1. Zwierciadlo.pl
  2. >
  3. Książki
  4. >
  5. Biblioteki pod lupą: kto naprawdę z nich korzysta? Sprawdziłyśmy, co najczęściej wypożyczają Polacy

Biblioteki pod lupą: kto naprawdę z nich korzysta? Sprawdziłyśmy, co najczęściej wypożyczają Polacy

(Fot. Getty Images)
(Fot. Getty Images)
Jeśli sądzisz, że w dobie komputerów sztuka czytania zanikła, to niezawodny znak, że jesteś… w błędzie. Najnowsze badania pokazują, że Polacy czytają coraz więcej, a także – co dla niektórych może być zaskoczeniem – chętniej korzystają z bibliotek. Jednak raporty raportami – my udałyśmy się do źródeł. W poszukiwaniu informacji (i nowych inspiracji czytelniczych) odwiedziłyśmy kilka warszawskich bibliotek, żeby sprawdzić, co czyta nasze społeczeństwo. Oto, co odkryłyśmy.

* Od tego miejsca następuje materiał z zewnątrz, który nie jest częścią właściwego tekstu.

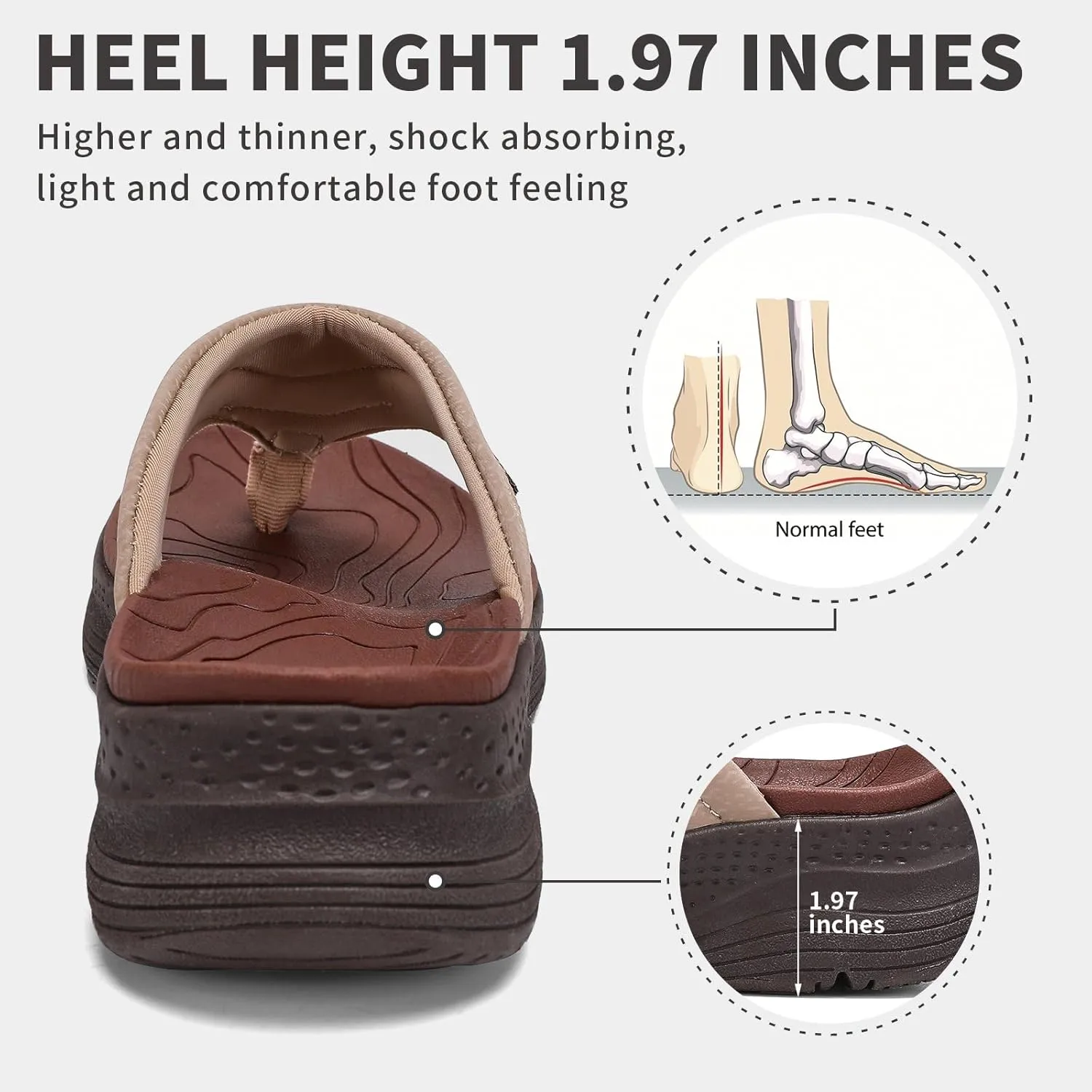 Women's Orthotic Platform Flip Flop with Arch Support Ladies Comfortable Recovery Walking Thong Sandals Slip On Indoor Outdoor for Summer Beach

Czy kiedyś dogonimy Finów w kwestii czytelnictwa? Cóż, wszystko jest możliwe… Szczególnie że ewidentnie wszelkie nagłówki informujące o tym, jak mało czytamy, dały się naszemu społeczeństwu we znaki – najnowszy raport Biblioteki Narodowej* podaje, że Polacy w końcu częściej sięgają po książki. Co najmniej jedną w 2023 roku przeczytało 43 proc. z nas. To największy wzrost od dekady, a statystyki są tylko początkiem opowieści o odradzającej się miłości do literatury.

Z nieskrywaną przyjemnością wchodzimy w świat kryminałów, sensacji, thrillerów oraz literatury obyczajowej, romansów i powieści erotycznych. Dużą popularnością cieszą się także gatunki non-fiction: biografie, publicystyka i historia XX wieku oraz poradniki, które przyciągają coraz więcej czytelników.

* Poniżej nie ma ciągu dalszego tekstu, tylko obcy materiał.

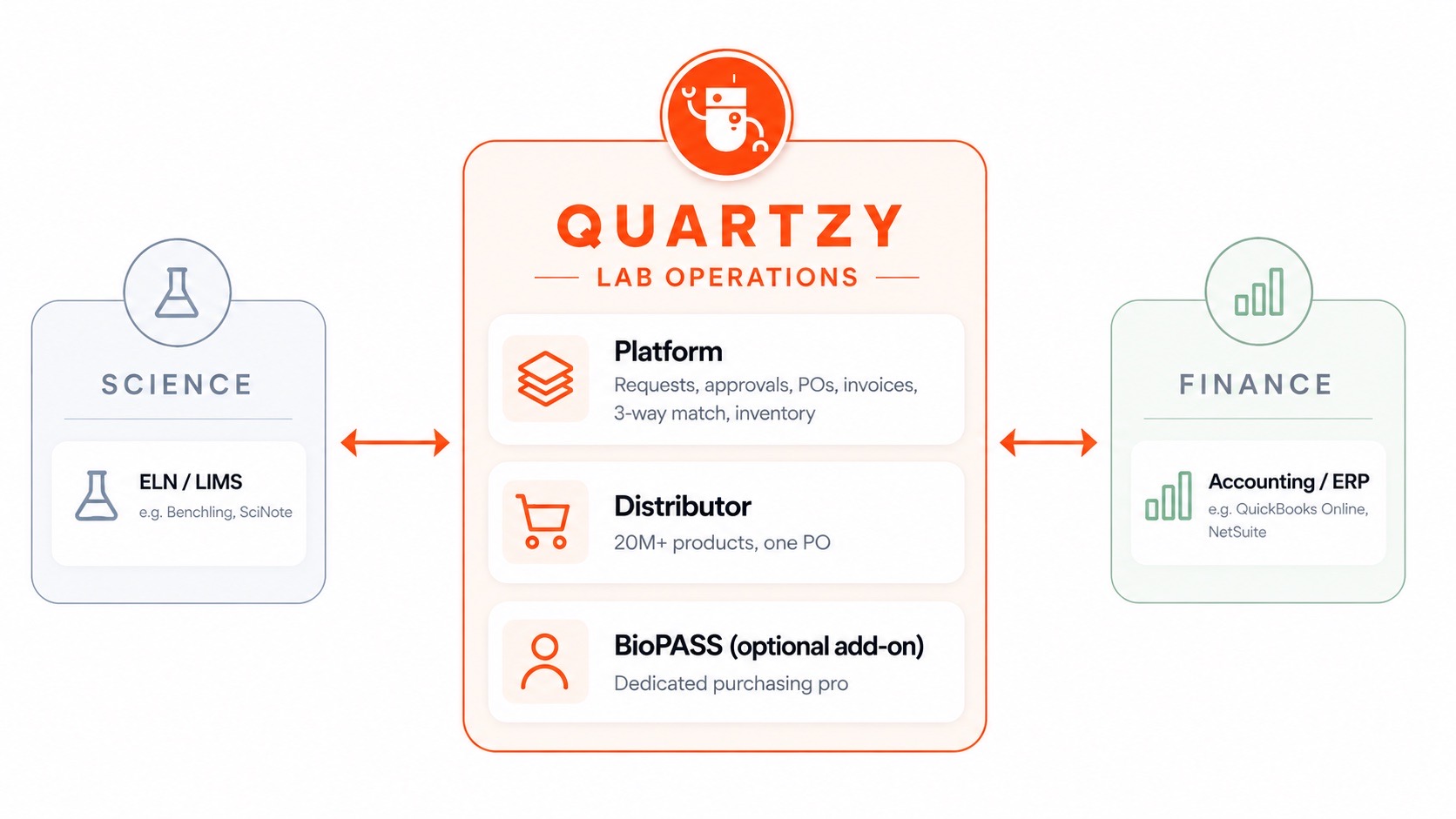 Quartzy sits between the science systems your scientists work in and the purchasing systems your institution runs on.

Wzrost zainteresowania czytelnictwem nie jest przypadkowy. Inicjatywy Narodowego Programu Rozwoju Czytelnictwa, takie jak wymóg otwarcia bibliotek publicznych w co najmniej połowę sobót w ciągu roku, sprawiają, że stają się one bardziej dostępne, zwłaszcza dla zapracowanych Polaków – według raportu m.in. podwoił się odsetek odwiedzających je aktywnych zawodowo mężczyzn w wieku 25+. W 2023 roku odnotowano wzrost liczby odwiedzin o 7,3 proc., a liczba zarejestrowanych użytkowników wzrosła o 5,2 proc.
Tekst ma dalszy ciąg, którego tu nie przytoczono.